> [TASK GOAL]: Return all of the data exactly, omitting any images.

> [SOURCE MATERIAL]:
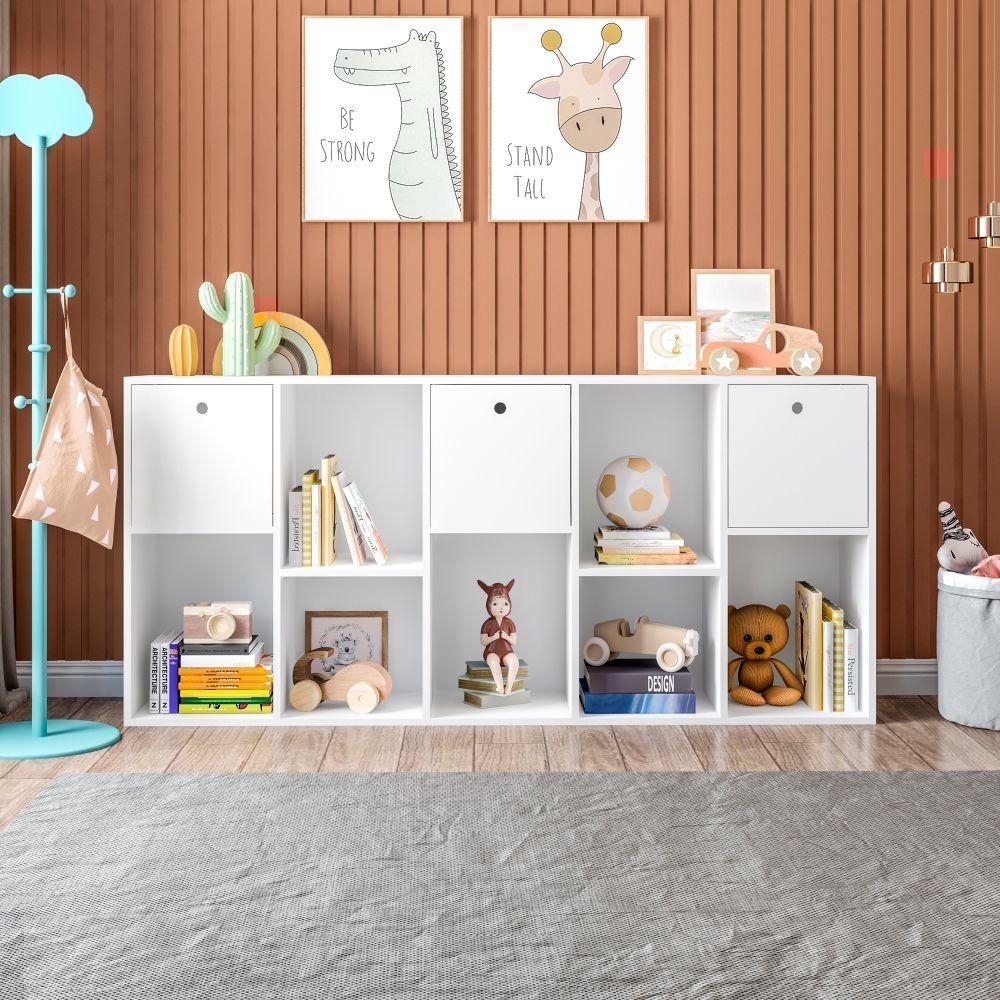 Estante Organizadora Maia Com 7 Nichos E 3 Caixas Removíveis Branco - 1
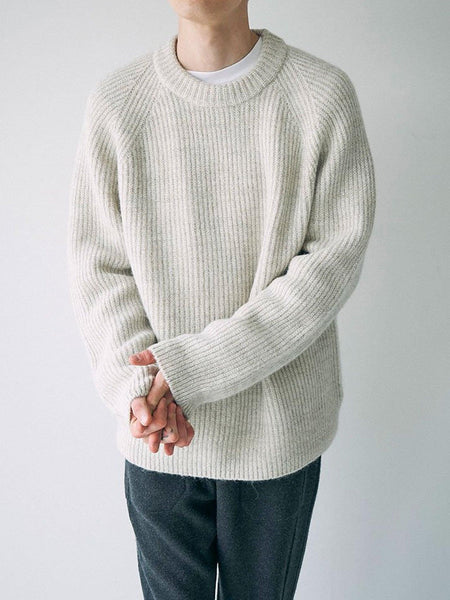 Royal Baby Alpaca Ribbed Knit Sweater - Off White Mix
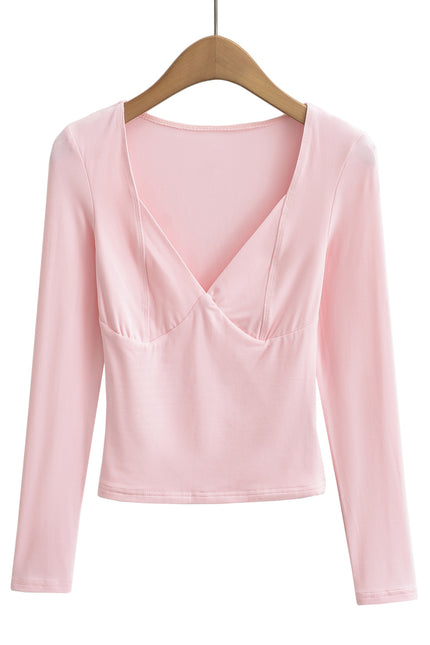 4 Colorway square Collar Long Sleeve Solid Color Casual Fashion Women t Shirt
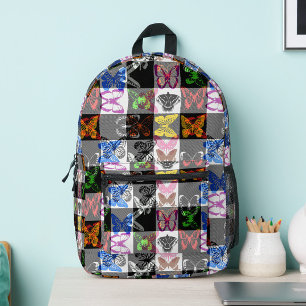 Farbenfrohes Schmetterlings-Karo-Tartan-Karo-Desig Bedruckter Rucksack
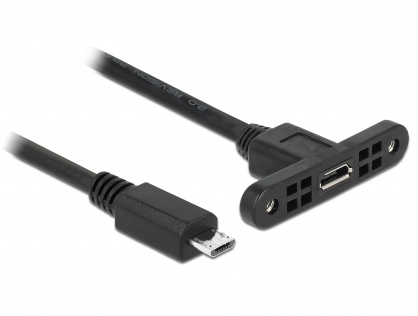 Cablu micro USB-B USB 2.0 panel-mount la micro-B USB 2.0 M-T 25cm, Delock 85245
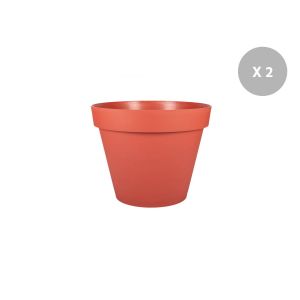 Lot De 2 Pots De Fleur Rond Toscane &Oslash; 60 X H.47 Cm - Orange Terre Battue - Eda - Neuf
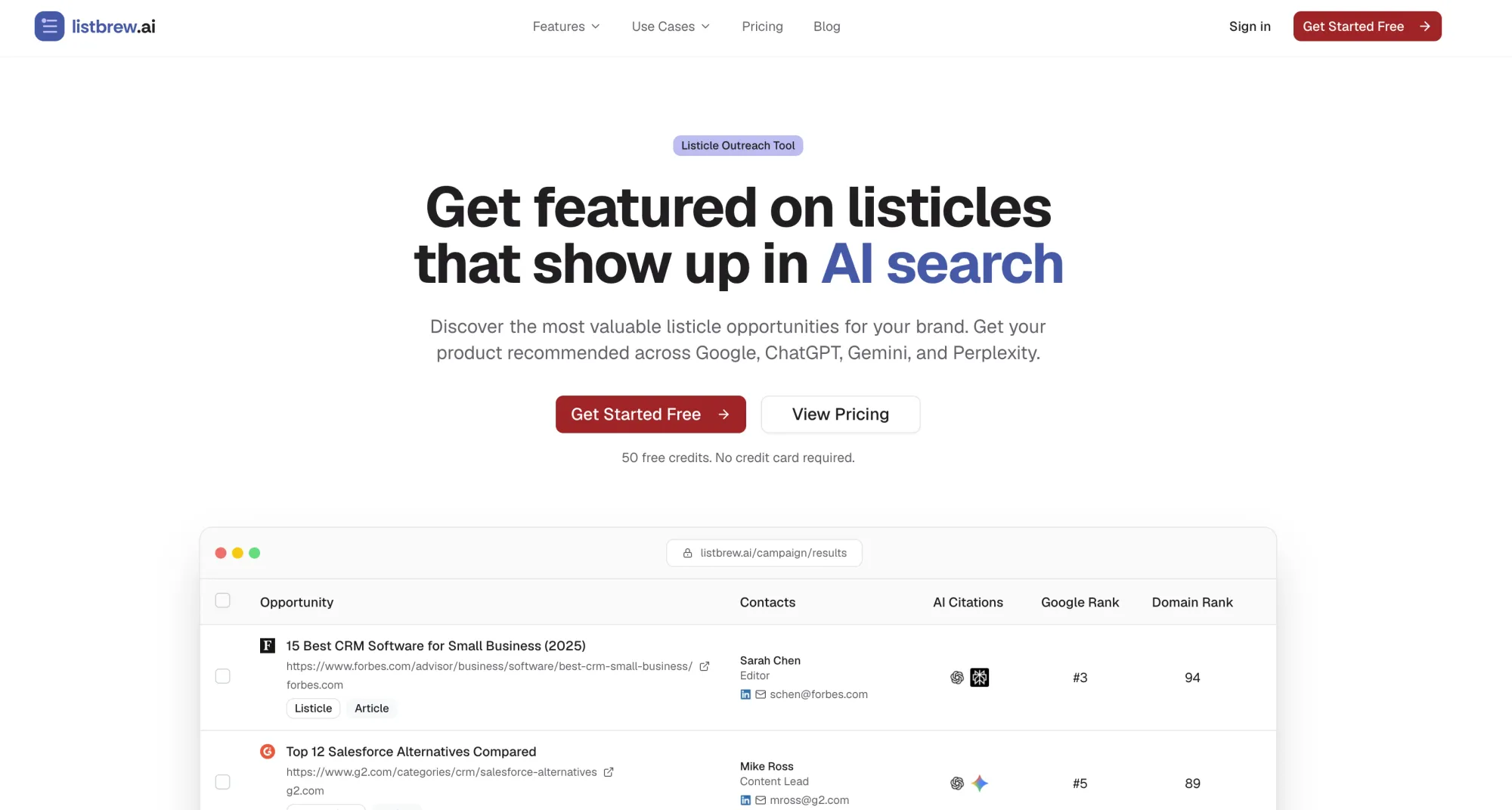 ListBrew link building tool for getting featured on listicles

> [SOLUTION TO THIS TASK]:
 Estante Organizadora Maia Com 7 Nichos E 3 Caixas Removíveis Branco - 1
 Royal Baby Alpaca Ribbed Knit Sweater - Off White Mix
 4 Colorway square Collar Long Sleeve Solid Color Casual Fashion Women t Shirt
 Farbenfrohes Schmetterlings-Karo-Tartan-Karo-Desig Bedruckter Rucksack
 Cablu micro USB-B USB 2.0 panel-mount la micro-B USB 2.0 M-T 25cm, Delock 85245
 Lot De 2 Pots De Fleur Rond Toscane &Oslash; 60 X H.47 Cm - Orange Terre Battue - Eda - Neuf
 ListBrew link building tool for getting featured on listicles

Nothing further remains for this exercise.